- **Assignment**
When you transcribe the lines below, keep every word the same and leave the pictures behind.

- **Given data**
- - -

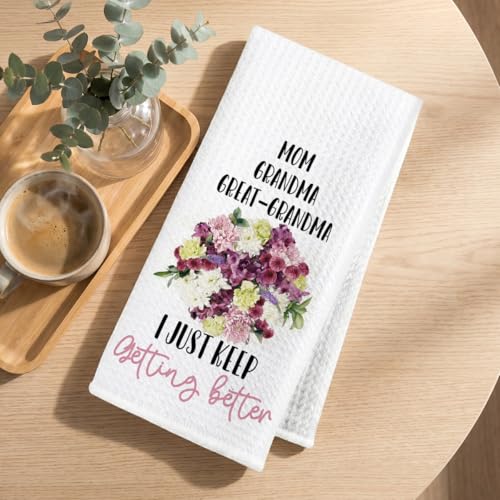 Image of Great Grandma Kitchen Towels 24x14 Inch, Great Grandma Gifts Reusable Dish Towels for Kitchen Bathroom Decor, Waffle Weave Absorbent Hand Cloth Tea Towel, Grandmas Gifts from Grandson Granddaughter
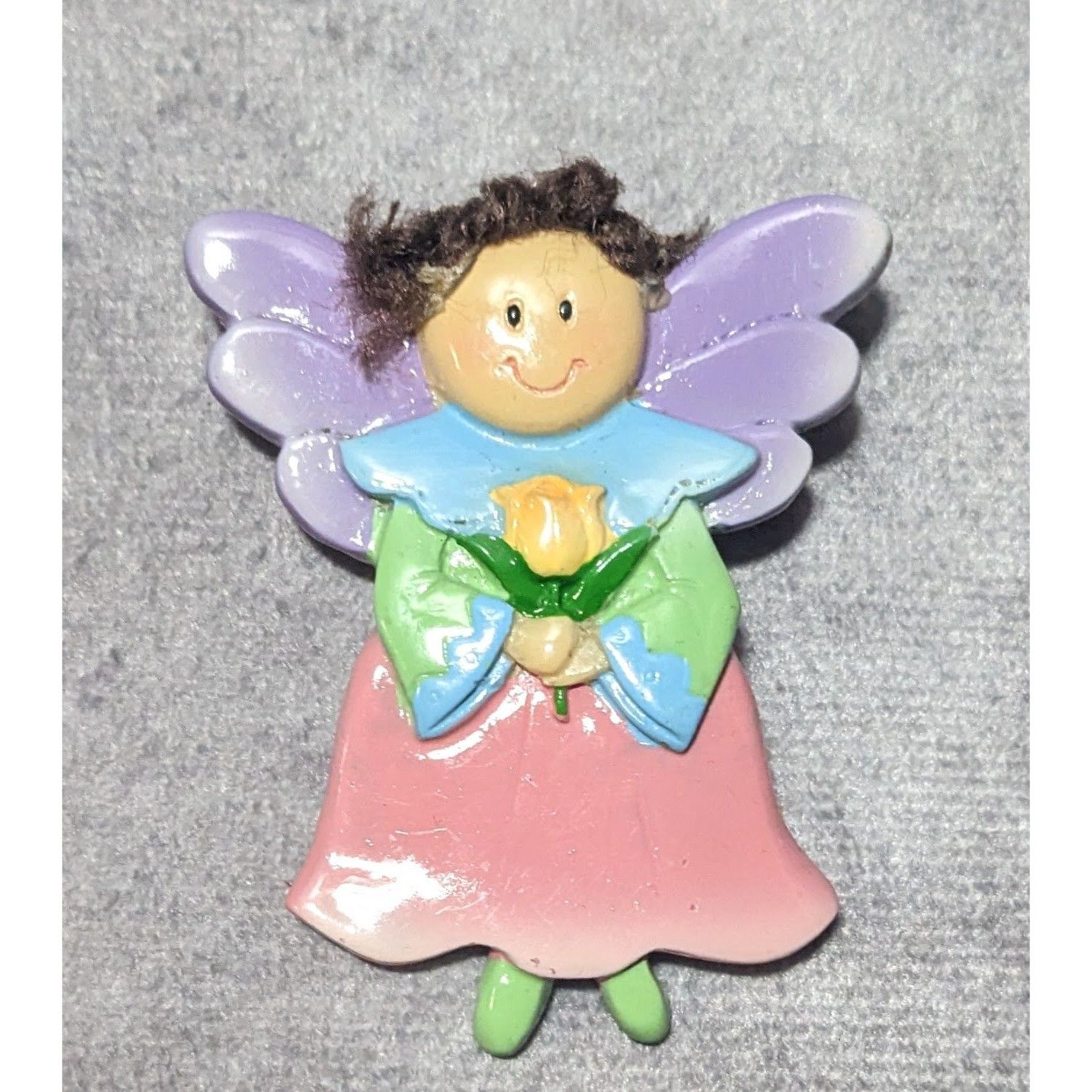 Other Vintage Wood-Look Spring Garden Fairy Brooch Size ONE SIZE - 4 Thumbnail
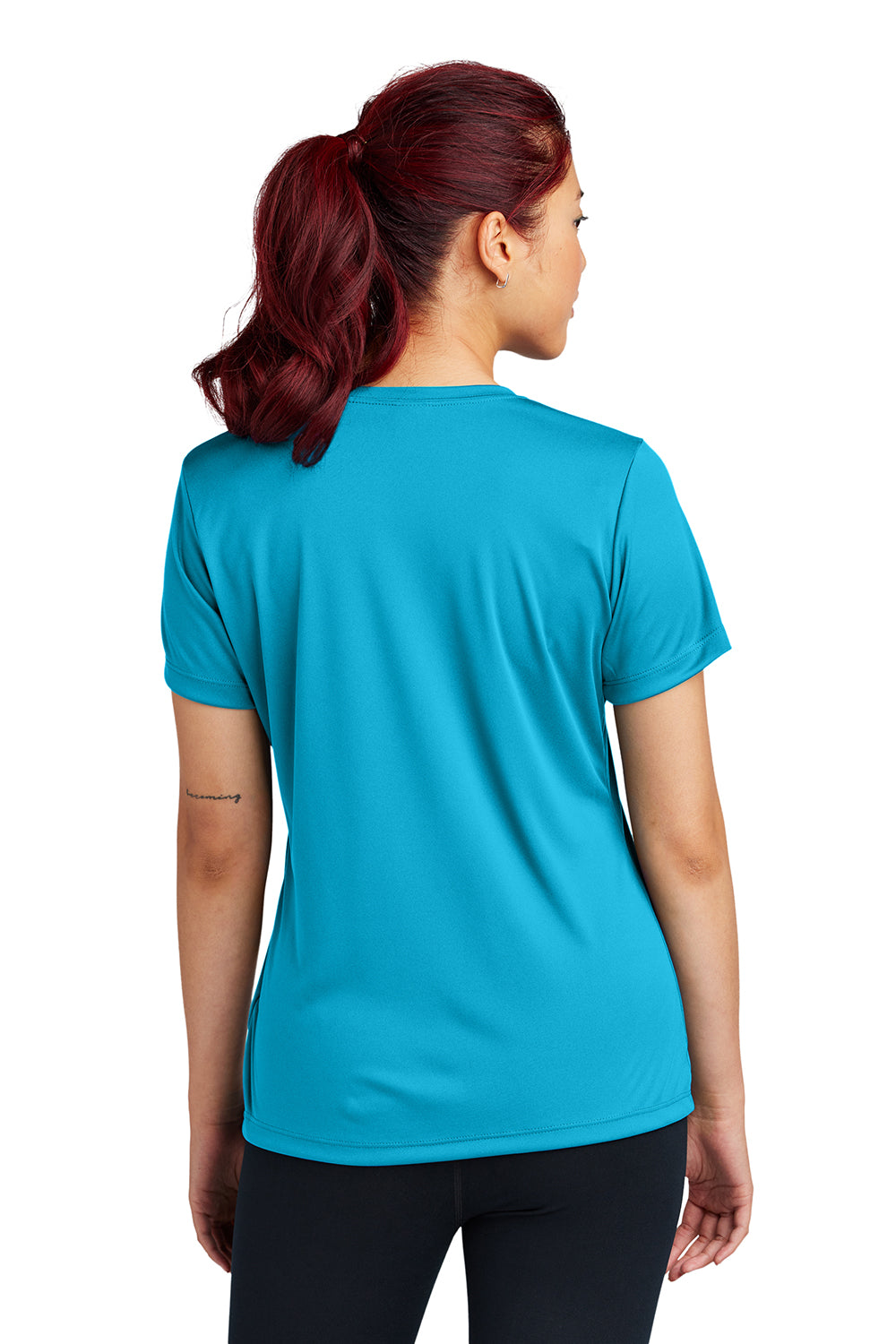 Sport-Tek LST350 Womens Competitor Moisture Wicking Short Sleeve Crewneck T-Shirt Atomic Blue Model Back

- - -

- **Output of the task**
 Image of Great Grandma Kitchen Towels 24x14 Inch, Great Grandma Gifts Reusable Dish Towels for Kitchen Bathroom Decor, Waffle Weave Absorbent Hand Cloth Tea Towel, Grandmas Gifts from Grandson Granddaughter
 Other Vintage Wood-Look Spring Garden Fairy Brooch Size ONE SIZE - 4 Thumbnail
 Sport-Tek LST350 Womens Competitor Moisture Wicking Short Sleeve Crewneck T-Shirt Atomic Blue Model Back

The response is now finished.